## Exercise details
Pictures in the entries below are excluded; copy only the lines from the one containing "Vespa LX50 4T" to the one containing "new 2025 Land", both included.

## Records to process
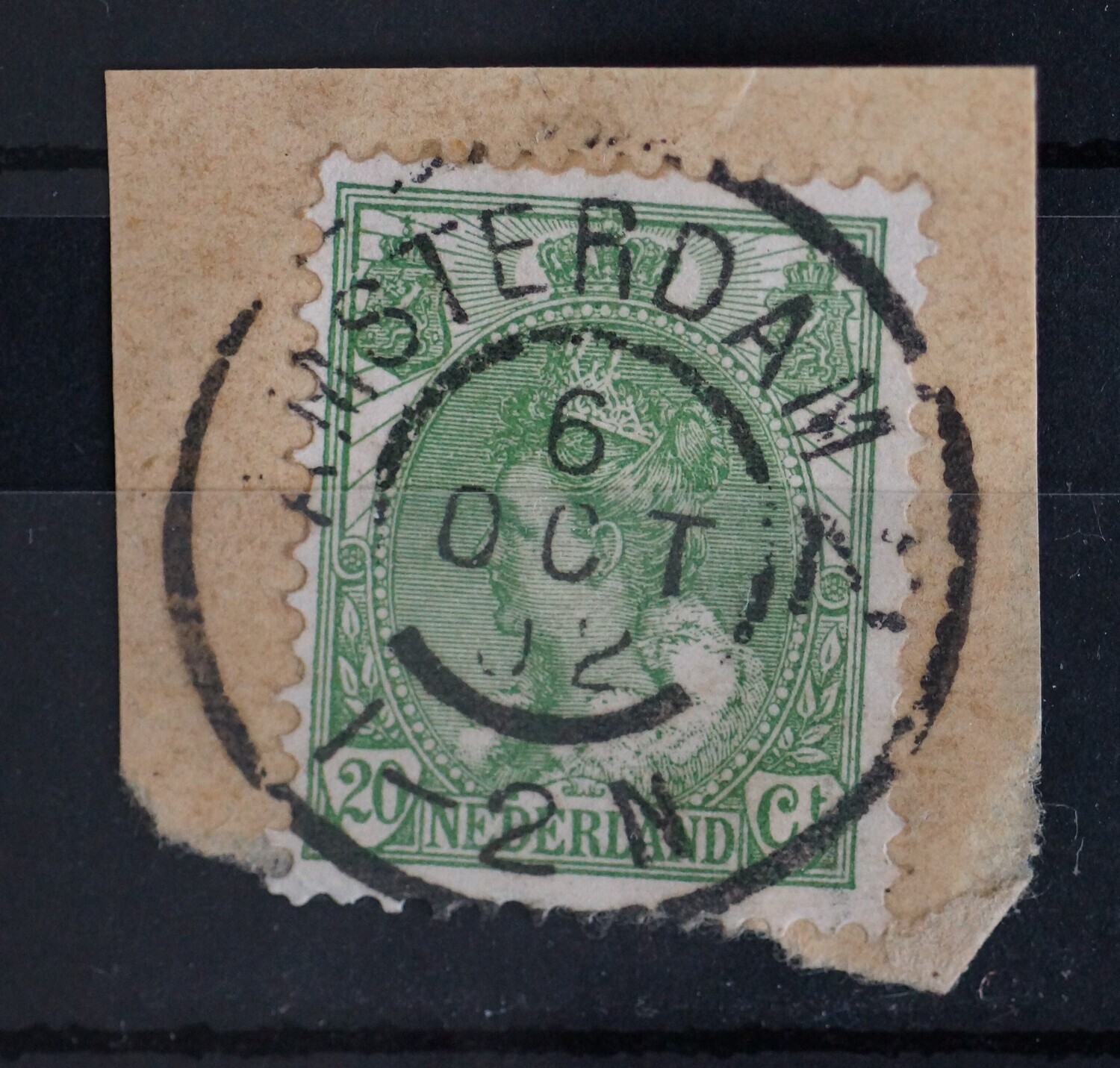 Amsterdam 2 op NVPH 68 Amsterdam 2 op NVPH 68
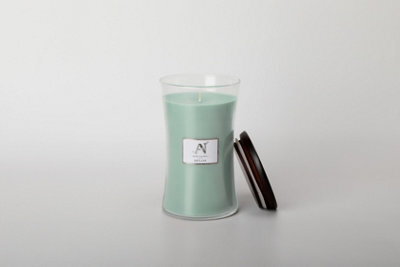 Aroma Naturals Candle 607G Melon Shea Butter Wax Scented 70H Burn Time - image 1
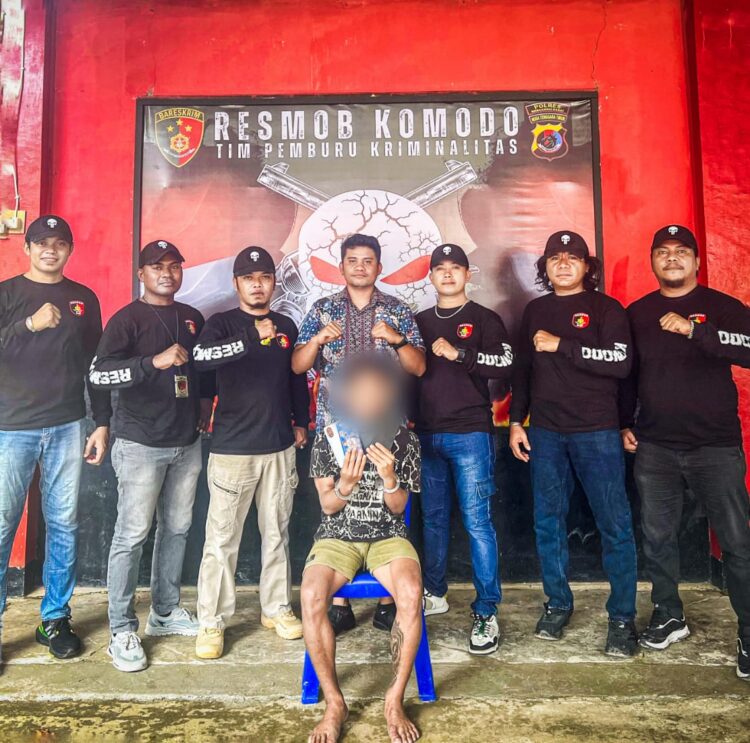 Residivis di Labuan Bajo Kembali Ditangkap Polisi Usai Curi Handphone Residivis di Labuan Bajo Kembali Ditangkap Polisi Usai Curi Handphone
...
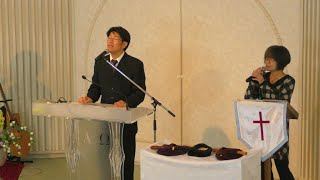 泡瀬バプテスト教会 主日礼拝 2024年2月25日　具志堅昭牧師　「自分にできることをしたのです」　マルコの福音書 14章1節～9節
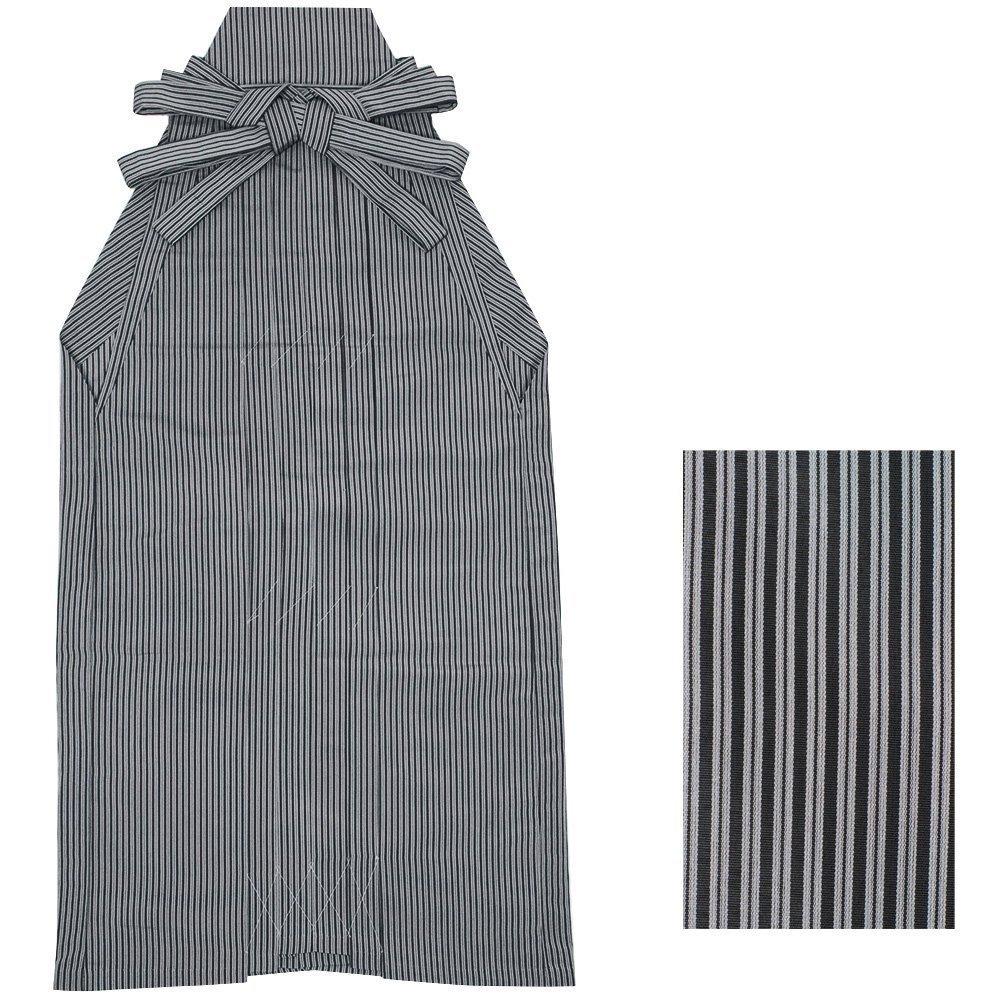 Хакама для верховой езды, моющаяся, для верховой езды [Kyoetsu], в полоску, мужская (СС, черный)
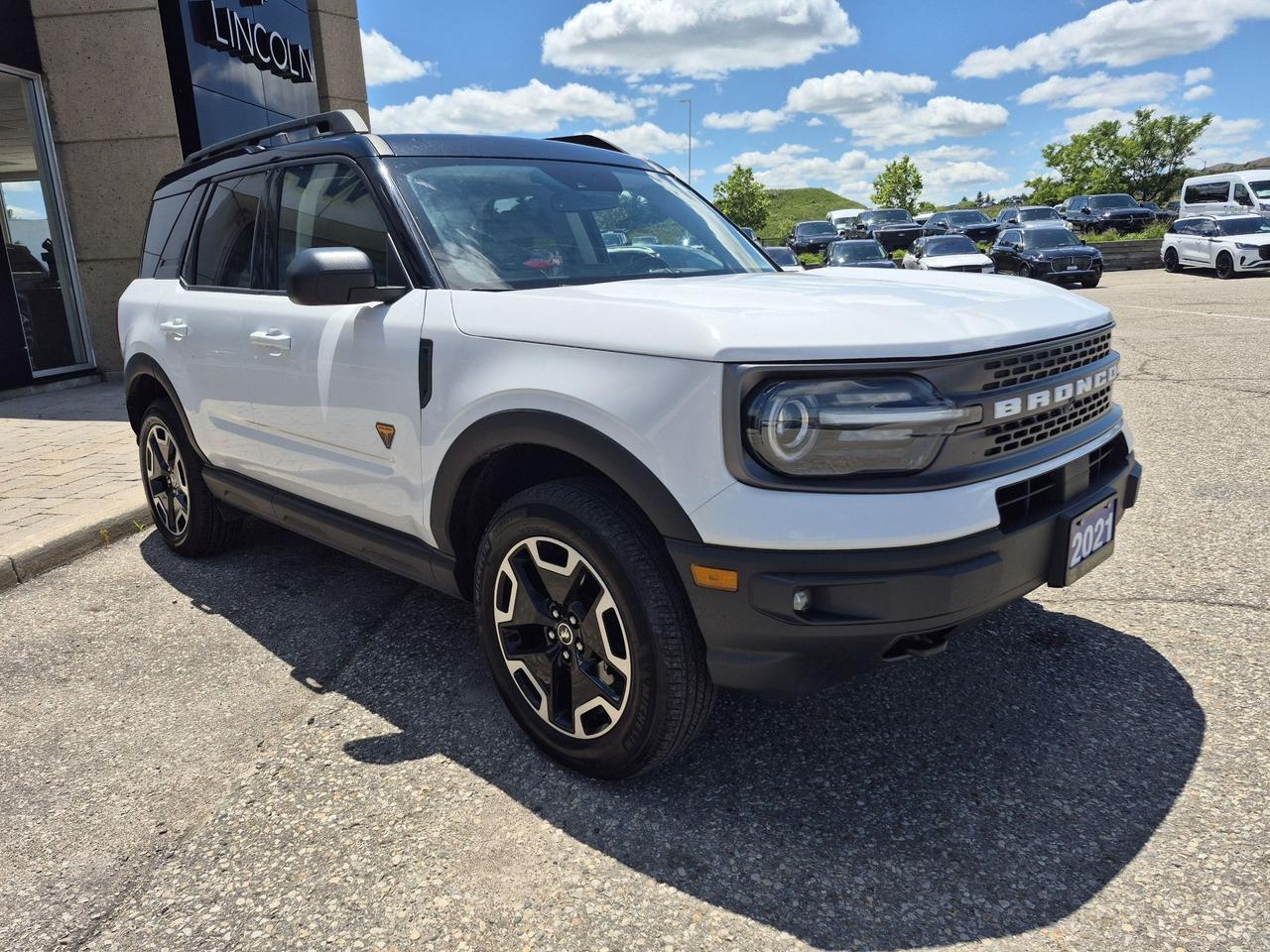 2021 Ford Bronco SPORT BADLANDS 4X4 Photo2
* * *
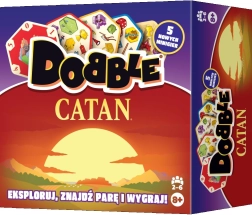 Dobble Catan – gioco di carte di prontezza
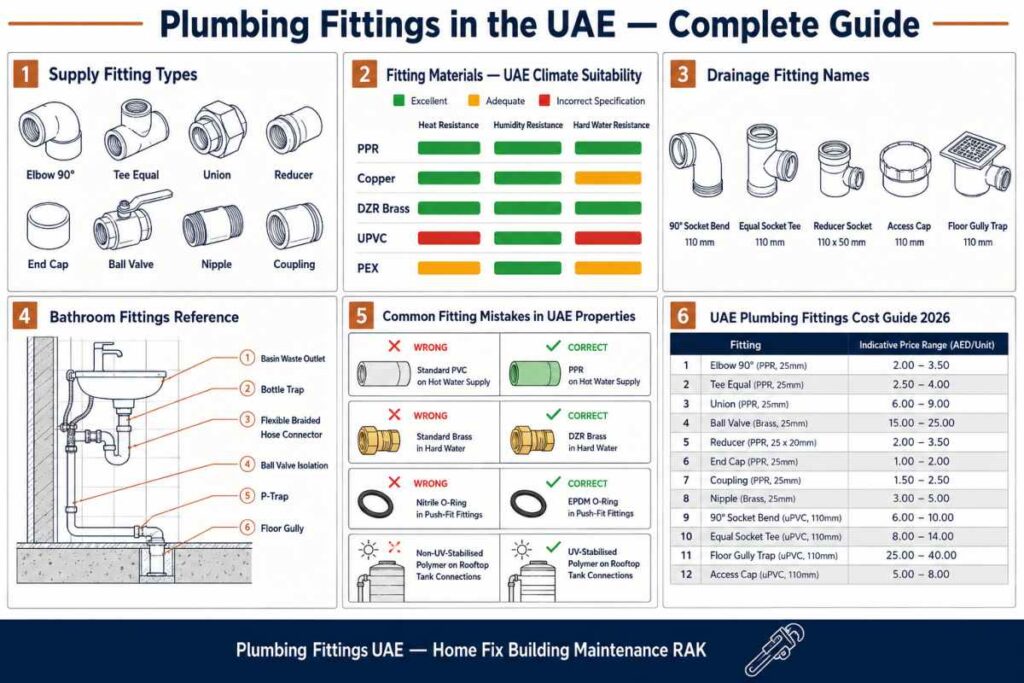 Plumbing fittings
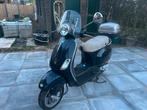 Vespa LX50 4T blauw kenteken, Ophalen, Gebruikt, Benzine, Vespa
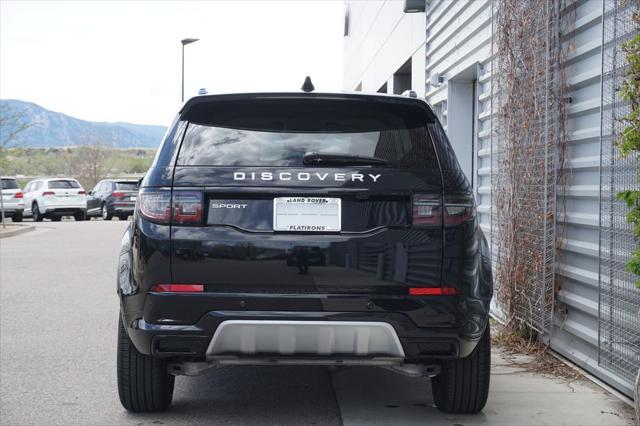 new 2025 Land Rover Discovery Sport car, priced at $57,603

## Task output
 Vespa LX50 4T blauw kenteken, Ophalen, Gebruikt, Benzine, Vespa
 new 2025 Land Rover Discovery Sport car, priced at $57,603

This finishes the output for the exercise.